TASK OBJECTIVE: For the records below, print the lines from the line with "Butterfly Love Flower" through the line with "Тележка открытая, 3 полки и ящик, красная" exactly as written; include both end lines and exclude the rest.

EXERCISE INPUTS:
BEGIN

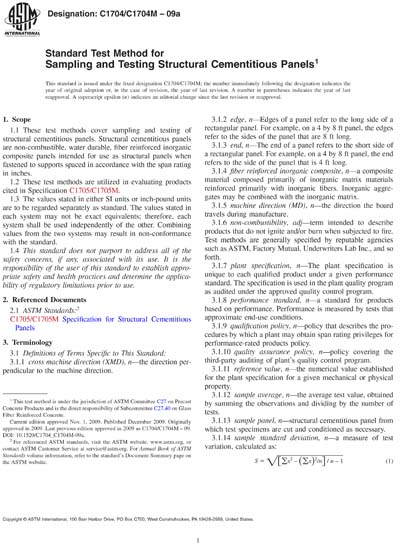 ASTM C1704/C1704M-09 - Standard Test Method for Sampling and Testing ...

END
BEGIN

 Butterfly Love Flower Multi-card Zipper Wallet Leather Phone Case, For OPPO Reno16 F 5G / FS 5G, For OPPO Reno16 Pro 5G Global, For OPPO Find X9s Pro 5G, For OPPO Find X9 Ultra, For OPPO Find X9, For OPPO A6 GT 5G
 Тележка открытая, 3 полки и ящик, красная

END

ANSWER TO THE PROBLEM:
 Butterfly Love Flower Multi-card Zipper Wallet Leather Phone Case, For OPPO Reno16 F 5G / FS 5G, For OPPO Reno16 Pro 5G Global, For OPPO Find X9s Pro 5G, For OPPO Find X9 Ultra, For OPPO Find X9, For OPPO A6 GT 5G
 Тележка открытая, 3 полки и ящик, красная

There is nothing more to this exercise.